── Records for this exercise ──

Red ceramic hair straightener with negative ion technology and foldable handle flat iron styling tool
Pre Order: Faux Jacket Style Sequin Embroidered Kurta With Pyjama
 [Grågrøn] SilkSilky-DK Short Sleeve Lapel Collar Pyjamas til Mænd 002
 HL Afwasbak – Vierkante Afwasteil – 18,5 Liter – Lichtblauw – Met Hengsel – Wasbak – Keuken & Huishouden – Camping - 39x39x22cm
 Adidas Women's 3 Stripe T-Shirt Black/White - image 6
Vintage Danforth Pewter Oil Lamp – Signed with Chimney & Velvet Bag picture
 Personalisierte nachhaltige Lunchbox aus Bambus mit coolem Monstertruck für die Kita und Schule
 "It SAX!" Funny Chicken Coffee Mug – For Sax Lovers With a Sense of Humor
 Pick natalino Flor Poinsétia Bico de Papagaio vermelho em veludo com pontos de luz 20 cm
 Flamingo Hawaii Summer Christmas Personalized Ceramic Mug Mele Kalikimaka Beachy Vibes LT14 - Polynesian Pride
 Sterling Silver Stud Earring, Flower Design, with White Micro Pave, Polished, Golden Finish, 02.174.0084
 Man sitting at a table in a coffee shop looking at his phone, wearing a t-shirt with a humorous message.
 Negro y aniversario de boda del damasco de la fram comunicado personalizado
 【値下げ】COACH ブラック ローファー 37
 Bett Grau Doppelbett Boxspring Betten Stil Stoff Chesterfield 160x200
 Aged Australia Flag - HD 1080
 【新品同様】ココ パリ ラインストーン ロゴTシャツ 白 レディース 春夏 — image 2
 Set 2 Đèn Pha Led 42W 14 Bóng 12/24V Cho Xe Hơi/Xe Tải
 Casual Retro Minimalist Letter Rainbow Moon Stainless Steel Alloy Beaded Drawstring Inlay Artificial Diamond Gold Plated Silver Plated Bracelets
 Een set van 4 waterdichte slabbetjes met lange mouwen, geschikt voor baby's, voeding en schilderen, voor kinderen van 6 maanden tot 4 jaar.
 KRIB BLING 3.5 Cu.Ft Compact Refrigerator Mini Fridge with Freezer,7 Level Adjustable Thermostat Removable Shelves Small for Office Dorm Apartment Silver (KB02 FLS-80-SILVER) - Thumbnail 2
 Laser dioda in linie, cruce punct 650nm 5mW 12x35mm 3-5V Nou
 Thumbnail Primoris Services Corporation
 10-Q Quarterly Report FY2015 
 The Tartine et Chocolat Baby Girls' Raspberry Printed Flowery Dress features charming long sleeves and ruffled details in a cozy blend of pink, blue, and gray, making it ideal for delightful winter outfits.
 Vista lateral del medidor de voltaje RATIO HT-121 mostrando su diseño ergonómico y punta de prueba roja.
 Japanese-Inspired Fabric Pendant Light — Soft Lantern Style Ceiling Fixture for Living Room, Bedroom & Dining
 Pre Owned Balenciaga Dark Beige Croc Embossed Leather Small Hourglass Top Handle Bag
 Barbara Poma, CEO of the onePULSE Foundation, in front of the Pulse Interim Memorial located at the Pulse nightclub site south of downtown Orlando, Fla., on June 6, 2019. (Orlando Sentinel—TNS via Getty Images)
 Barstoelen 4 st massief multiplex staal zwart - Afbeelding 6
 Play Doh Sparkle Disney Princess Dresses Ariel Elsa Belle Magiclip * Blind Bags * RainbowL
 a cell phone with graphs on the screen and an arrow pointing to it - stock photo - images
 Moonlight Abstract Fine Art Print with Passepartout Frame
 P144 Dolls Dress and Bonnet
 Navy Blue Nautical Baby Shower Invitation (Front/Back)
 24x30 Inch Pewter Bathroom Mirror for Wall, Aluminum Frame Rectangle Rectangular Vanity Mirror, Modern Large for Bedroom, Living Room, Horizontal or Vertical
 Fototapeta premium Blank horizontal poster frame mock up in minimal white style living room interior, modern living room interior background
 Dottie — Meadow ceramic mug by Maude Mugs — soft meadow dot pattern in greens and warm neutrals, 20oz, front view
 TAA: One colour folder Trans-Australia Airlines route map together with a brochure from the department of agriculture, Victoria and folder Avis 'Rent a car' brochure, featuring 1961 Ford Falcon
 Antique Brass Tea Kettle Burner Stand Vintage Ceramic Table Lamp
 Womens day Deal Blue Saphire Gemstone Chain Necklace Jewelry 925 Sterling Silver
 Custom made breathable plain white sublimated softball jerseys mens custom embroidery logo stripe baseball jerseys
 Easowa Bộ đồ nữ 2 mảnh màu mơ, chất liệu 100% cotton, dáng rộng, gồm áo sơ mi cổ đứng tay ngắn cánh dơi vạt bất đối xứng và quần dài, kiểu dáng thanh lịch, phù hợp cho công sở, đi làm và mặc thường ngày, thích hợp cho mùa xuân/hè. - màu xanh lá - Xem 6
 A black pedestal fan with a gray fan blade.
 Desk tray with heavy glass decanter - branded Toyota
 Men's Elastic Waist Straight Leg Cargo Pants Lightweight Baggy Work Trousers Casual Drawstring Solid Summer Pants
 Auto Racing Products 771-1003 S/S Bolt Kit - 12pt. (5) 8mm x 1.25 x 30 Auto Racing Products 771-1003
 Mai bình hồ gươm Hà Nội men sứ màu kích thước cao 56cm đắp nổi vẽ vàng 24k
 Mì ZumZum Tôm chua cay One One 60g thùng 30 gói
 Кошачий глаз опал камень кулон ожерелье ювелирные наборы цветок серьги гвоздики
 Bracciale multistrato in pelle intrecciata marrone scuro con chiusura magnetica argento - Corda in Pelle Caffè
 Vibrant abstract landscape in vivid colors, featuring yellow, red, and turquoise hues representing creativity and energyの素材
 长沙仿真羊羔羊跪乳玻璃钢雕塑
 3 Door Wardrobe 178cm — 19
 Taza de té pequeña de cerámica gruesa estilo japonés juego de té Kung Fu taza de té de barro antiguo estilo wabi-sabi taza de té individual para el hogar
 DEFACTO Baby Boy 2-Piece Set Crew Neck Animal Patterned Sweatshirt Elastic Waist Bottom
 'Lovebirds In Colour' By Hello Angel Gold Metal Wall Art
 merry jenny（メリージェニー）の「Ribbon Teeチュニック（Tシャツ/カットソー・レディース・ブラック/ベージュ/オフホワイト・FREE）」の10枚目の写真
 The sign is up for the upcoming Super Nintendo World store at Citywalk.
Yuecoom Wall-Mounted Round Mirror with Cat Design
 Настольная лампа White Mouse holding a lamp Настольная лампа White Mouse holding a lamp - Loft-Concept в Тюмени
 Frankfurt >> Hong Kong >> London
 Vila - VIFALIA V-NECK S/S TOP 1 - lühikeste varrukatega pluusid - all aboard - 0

───

→ **Problem details**
Given the records above, restate word for word only the lines starting at the one with "Custom made breathable" and ending at the one with "3 Door Wardrobe 178cm — 19".

→ **Result of the task**
 Custom made breathable plain white sublimated softball jerseys mens custom embroidery logo stripe baseball jerseys
 Easowa Bộ đồ nữ 2 mảnh màu mơ, chất liệu 100% cotton, dáng rộng, gồm áo sơ mi cổ đứng tay ngắn cánh dơi vạt bất đối xứng và quần dài, kiểu dáng thanh lịch, phù hợp cho công sở, đi làm và mặc thường ngày, thích hợp cho mùa xuân/hè. - màu xanh lá - Xem 6
 A black pedestal fan with a gray fan blade.
 Desk tray with heavy glass decanter - branded Toyota
 Men's Elastic Waist Straight Leg Cargo Pants Lightweight Baggy Work Trousers Casual Drawstring Solid Summer Pants
 Auto Racing Products 771-1003 S/S Bolt Kit - 12pt. (5) 8mm x 1.25 x 30 Auto Racing Products 771-1003
 Mai bình hồ gươm Hà Nội men sứ màu kích thước cao 56cm đắp nổi vẽ vàng 24k
 Mì ZumZum Tôm chua cay One One 60g thùng 30 gói
 Кошачий глаз опал камень кулон ожерелье ювелирные наборы цветок серьги гвоздики
 Bracciale multistrato in pelle intrecciata marrone scuro con chiusura magnetica argento - Corda in Pelle Caffè
 Vibrant abstract landscape in vivid colors, featuring yellow, red, and turquoise hues representing creativity and energyの素材
 长沙仿真羊羔羊跪乳玻璃钢雕塑
 3 Door Wardrobe 178cm — 19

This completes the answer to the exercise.